§ **EXERCISE GOAL**
Only those lines in the data below from the line containing "Nhận định, soi" through the line containing "Chicago Integrative Eczema", both included, should be restated word for word.

INFORMATION PROVIDED Start Marker

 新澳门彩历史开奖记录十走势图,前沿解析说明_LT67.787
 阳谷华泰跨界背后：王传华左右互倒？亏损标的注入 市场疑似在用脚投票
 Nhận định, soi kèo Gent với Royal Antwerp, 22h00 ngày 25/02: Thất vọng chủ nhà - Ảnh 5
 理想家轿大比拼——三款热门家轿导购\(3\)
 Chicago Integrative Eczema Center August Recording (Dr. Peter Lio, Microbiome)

INFORMATION PROVIDED End Marker
INFORMATION PROVIDED Start Marker

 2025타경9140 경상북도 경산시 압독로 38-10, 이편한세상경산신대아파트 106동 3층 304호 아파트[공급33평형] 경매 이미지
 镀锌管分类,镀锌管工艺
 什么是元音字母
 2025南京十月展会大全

INFORMATION PROVIDED End Marker
INFORMATION PROVIDED Start Marker

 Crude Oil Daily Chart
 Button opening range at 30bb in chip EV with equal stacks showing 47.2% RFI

INFORMATION PROVIDED End Marker

§ **THE COMPLETED TASK**
 Nhận định, soi kèo Gent với Royal Antwerp, 22h00 ngày 25/02: Thất vọng chủ nhà - Ảnh 5
 理想家轿大比拼——三款热门家轿导购\(3\)
 Chicago Integrative Eczema Center August Recording (Dr. Peter Lio, Microbiome)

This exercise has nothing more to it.